Core Classes#

The core module provides the fundamental classes for working with audio in TorchFX.

Wave#

The Wave class handles audio data representation and I/O operations.

class torchfx.Wave(ys, fs, device='cpu', metadata={})[source]#

Bases: object

A discrete-time waveform representing multi-channel audio signals.

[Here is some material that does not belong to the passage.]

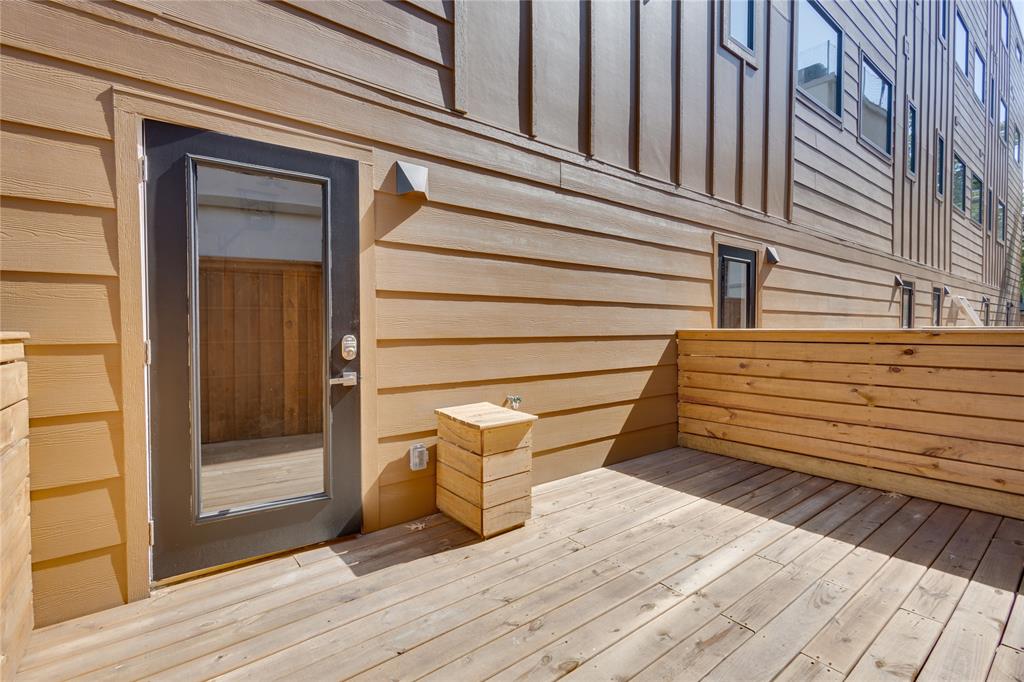 DEERE PARK - Residential Lease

The Wave class is the fundamental data structure in torchfx, wrapping a PyTorch tensor containing audio samples along with its sampling frequency. It provides device management (CPU/CUDA), file I/O integration with torchaudio, functional transformations, and a pipeline operator for chaining effects and filters.

Parameters:
ys#

Audio signal tensor with shape (channels, samples). Each row represents a channel, and each column represents a time sample.

Type:

Tensor

fs#

Sampling frequency in Hz (samples per second). Used by filters and effects to compute time-domain parameters.

Type:

int

metadata#

Optional metadata dictionary containing audio file information such as num_frames, num_channels, bits_per_sample, and encoding.

Type:

dict

device#

Current device location (“cpu” or “cuda”) where the tensor resides. Read-only property; use the setter or to() method to move devices.

Type:

Device

Examples

Create a Wave from an array:

>>> import torch
>>> from torchfx import Wave
>>> samples = torch.randn(1, 44100)  # 1 second of mono audio at 44.1kHz
>>> wave = Wave(samples, fs=44100)

Load from an audio file:

>>> wave = Wave.from_file("audio.wav")
>>> print(f"Channels: {wave.channels()}, Duration: {wave.duration('sec')}s")

Process on GPU with pipeline operator:

>>> from torchfx.filter import iir
>>> wave = Wave.from_file("input.wav").to("cuda")
>>> result = wave | iir.LoButterworth(1000, order=4)

Multi-channel processing:

>>> stereo = Wave.from_file("stereo.wav")
>>> left = stereo.get_channel(0)
>>> right = stereo.get_channel(1)
>>> # Process channels independently
>>> processed_left = left | some_effect
>>> processed_right = right | other_effect
>>> result = Wave.merge([processed_left, processed_right], split_channels=True)

Notes

The Wave class follows an immutability pattern for most operations. Methods like transform(), __or__(), and get_channel() return new Wave objects rather than modifying in place. Only device management methods (to(), device setter) modify the Wave in place while returning self for method chaining.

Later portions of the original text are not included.